Thursday, July 31, 2014

More on selecting and teaching residents

A resident emailed me with some questions about surgical residency programs and education. For space considerations, his queries are incorporated with my answers.

Thanks for sending the link to the paper on selecting residents. Many surgeons feel that choosing athletes who played a varsity sport—team or individual—in college is a good way to pick residents. With one notable exception, my limited experience is consistent with that idea. It's limited because there are not enough applicants (at least not to programs I ran) who are athletes. I have a post coming out soon about the subject of "grit" or conscientiousness and selecting residents who have high grit levels. A recent paper suggests that residents who drop out of surgical programs might have low grit levels.

The resident who wrote to me suggested trying to choose applicants who fit in. At first glance, the idea is appealing. However, the matching process can thwart that goal because the people you think will fit in may not rank the program highly. If everyone based their selections on who fit in best, there might not be women or minorities in many programs.

Teaching residents how to dictate operative notes is important for residents. The problem with allowing a resident to dictate a case is that the dictation is a legal document and cannot be removed from the chart, particularly if it is an electronic medical record. I have always felt that if a resident cannot coherently dictate a case, she probably did not learn how to do it and would not be able to do it by herself.
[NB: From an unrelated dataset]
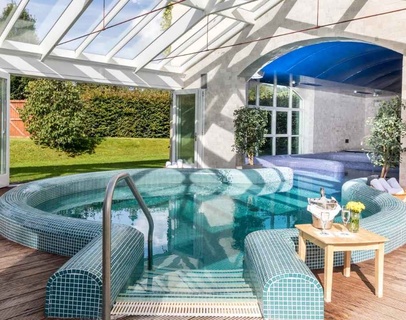 Brook Lodge Macreddin Village Spa 4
Practicing off-line using speech recognition technology could overcome this problem. The resident could dictate a draft which then could be gone over with the attending thereby achieving the feedback which is a very important part of learning.
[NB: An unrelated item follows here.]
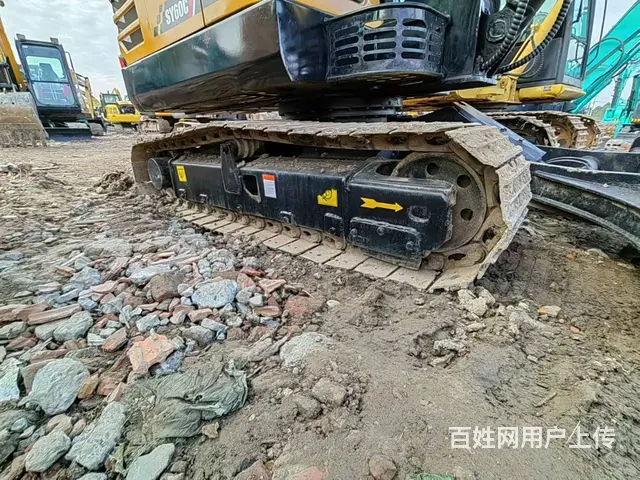 低价出售三一60二手挖掘机 手续齐全可分期 - 图片 9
Regarding the best use of limited didactic time, I have no brilliant answers. In fact, I'm glad I'm no longer a program director and don't have to deal with this difficult question. One often overlooked factor in work hours limits discussions is that conference time has been quite negatively impacted since 2003.
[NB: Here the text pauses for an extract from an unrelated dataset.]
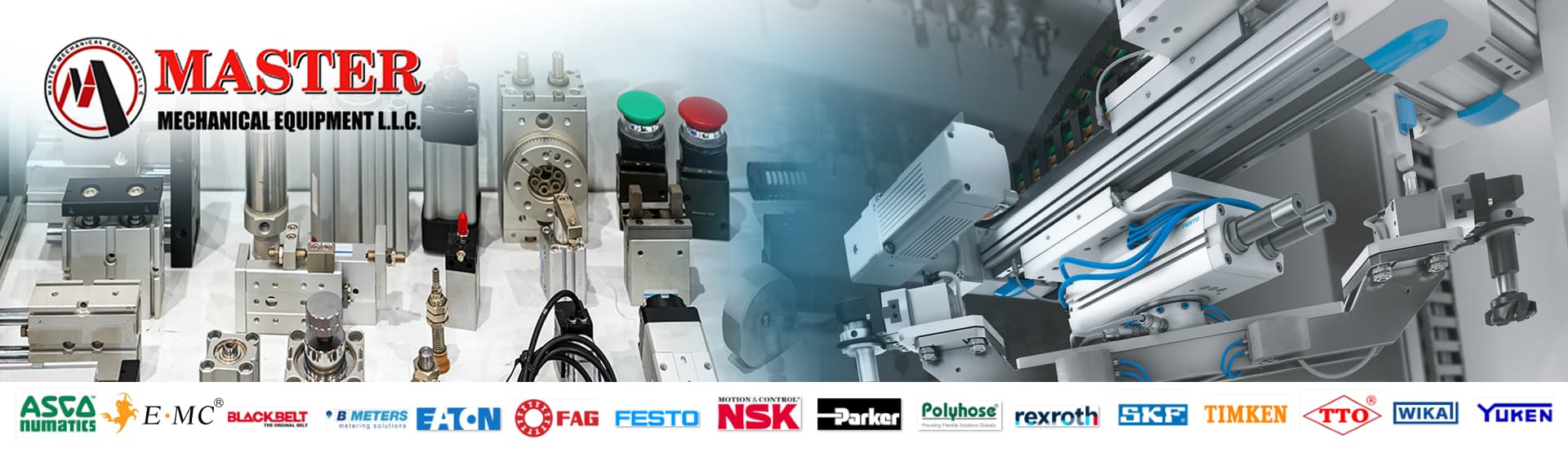 MASTER MECHANICAL EQUIPMENT LLC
Because about one-third of residents must go home early every morning means that there are no longer any afternoon conferences or rounds. Cramming 2 or 3 hours of didactic time into a single morning goes against many principles of learning especially if the sessions are boring lectures which do not engage the audience. Intermittent bursts of teaching and/or practice have been found to be better for learning than long single sessions. In addition, there is so much more to learn because of the expanding body of knowledge and mandates from the RRC and other regulatory entities.

I have written several posts advocating teaching residents how to think rather than memorize facts which are available on a smartphone. Here's one from 2012. However, this will require a top to bottom reorganization of not only the way residents are taught, but also the way they are tested.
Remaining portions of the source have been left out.